** Opening Data supplied block **
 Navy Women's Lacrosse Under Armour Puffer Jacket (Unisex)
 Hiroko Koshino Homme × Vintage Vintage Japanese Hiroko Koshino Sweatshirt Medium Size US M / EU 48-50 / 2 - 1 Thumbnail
** Closing Data supplied block **
** Opening Data supplied block **
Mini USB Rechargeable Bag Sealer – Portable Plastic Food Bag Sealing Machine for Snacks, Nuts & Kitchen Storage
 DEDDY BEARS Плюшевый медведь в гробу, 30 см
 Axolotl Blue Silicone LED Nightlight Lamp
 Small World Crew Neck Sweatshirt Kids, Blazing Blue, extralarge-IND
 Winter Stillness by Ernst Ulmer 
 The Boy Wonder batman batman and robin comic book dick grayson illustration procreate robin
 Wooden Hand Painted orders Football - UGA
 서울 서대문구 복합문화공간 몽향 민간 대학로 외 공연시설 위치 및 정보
** Closing Data supplied block **
What you should do
In the listing above, locate the line containing "Wooden Hand Painted orders Football - UGA" and the line containing "서울 서대문구 복합문화공간 몽향 민간 대학로 외 공연시설 위치 및 정보". Extract those two lines and every line between them, exactly as written, and only those.

Exercise answer
 Wooden Hand Painted orders Football - UGA
 서울 서대문구 복합문화공간 몽향 민간 대학로 외 공연시설 위치 및 정보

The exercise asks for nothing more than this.